*** Opening SUPPLIED DATA ***

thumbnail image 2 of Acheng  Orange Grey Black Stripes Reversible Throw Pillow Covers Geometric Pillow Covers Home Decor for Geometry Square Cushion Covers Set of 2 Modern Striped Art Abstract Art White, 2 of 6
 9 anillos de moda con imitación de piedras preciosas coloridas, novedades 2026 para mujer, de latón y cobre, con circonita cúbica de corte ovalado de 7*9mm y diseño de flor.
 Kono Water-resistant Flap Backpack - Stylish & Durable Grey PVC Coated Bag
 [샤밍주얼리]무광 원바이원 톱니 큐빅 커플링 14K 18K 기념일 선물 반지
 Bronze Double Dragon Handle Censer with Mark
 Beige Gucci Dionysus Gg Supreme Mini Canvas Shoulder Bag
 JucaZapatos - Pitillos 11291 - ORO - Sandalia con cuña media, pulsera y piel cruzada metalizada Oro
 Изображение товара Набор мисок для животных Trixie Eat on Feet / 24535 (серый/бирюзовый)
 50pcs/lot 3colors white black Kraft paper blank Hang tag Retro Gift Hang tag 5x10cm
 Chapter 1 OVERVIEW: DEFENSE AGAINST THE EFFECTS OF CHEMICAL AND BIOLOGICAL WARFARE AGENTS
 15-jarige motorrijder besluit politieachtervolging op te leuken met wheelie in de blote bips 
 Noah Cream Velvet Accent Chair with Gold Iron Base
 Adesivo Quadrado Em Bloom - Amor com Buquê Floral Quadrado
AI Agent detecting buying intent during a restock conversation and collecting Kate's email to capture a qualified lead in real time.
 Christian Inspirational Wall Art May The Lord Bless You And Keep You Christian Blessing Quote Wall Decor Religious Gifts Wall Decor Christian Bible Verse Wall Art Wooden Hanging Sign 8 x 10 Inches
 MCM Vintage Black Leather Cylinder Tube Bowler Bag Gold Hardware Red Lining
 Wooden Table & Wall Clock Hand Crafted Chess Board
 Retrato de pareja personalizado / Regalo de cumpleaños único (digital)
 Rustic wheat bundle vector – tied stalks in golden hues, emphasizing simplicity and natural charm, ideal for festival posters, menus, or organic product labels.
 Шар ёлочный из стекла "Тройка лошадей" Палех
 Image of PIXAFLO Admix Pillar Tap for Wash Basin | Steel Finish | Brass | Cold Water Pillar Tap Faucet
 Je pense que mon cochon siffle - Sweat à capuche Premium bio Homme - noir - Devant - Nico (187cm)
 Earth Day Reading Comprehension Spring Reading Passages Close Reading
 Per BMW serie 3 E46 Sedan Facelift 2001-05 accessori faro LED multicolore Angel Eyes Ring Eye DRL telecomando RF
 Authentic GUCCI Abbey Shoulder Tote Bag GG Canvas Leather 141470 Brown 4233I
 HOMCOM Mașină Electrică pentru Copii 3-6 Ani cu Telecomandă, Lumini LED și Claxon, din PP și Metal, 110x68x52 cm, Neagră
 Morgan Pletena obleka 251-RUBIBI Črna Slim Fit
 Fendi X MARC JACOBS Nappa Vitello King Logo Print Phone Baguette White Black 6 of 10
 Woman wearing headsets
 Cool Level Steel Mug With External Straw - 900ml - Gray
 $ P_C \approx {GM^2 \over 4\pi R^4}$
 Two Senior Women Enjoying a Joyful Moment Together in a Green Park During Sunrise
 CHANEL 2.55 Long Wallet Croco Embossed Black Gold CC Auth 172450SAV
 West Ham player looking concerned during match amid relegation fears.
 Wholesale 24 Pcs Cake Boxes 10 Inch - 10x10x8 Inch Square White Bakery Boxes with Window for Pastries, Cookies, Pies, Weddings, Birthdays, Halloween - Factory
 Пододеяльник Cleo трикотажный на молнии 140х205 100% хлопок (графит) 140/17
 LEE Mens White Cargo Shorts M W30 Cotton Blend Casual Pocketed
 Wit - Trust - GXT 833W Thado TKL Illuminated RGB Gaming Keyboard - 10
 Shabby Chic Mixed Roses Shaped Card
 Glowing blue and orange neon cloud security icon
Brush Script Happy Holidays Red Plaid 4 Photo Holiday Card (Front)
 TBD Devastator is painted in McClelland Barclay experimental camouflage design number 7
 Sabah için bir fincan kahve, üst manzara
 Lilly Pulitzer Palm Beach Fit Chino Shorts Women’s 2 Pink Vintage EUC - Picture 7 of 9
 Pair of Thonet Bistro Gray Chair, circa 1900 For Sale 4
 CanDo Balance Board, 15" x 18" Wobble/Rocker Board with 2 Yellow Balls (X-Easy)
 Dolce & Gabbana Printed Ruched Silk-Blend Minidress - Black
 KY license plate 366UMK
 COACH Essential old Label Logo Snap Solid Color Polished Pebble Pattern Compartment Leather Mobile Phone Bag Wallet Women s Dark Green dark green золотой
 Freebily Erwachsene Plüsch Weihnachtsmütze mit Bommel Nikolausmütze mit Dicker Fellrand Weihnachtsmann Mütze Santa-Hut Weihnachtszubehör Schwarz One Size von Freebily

*** Closing SUPPLIED DATA ***

- **DIRECTIONS**
Scan the entries above for the line containing "Shabby Chic Mixed Roses Shaped Card", and copy it and all lines after it exactly, down to and including the line containing "KY license plate 366UMK".

- **SOLUTION TO THE PROBLEM**
 Shabby Chic Mixed Roses Shaped Card
 Glowing blue and orange neon cloud security icon
Brush Script Happy Holidays Red Plaid 4 Photo Holiday Card (Front)
 TBD Devastator is painted in McClelland Barclay experimental camouflage design number 7
 Sabah için bir fincan kahve, üst manzara
 Lilly Pulitzer Palm Beach Fit Chino Shorts Women’s 2 Pink Vintage EUC - Picture 7 of 9
 Pair of Thonet Bistro Gray Chair, circa 1900 For Sale 4
 CanDo Balance Board, 15" x 18" Wobble/Rocker Board with 2 Yellow Balls (X-Easy)
 Dolce & Gabbana Printed Ruched Silk-Blend Minidress - Black
 KY license plate 366UMK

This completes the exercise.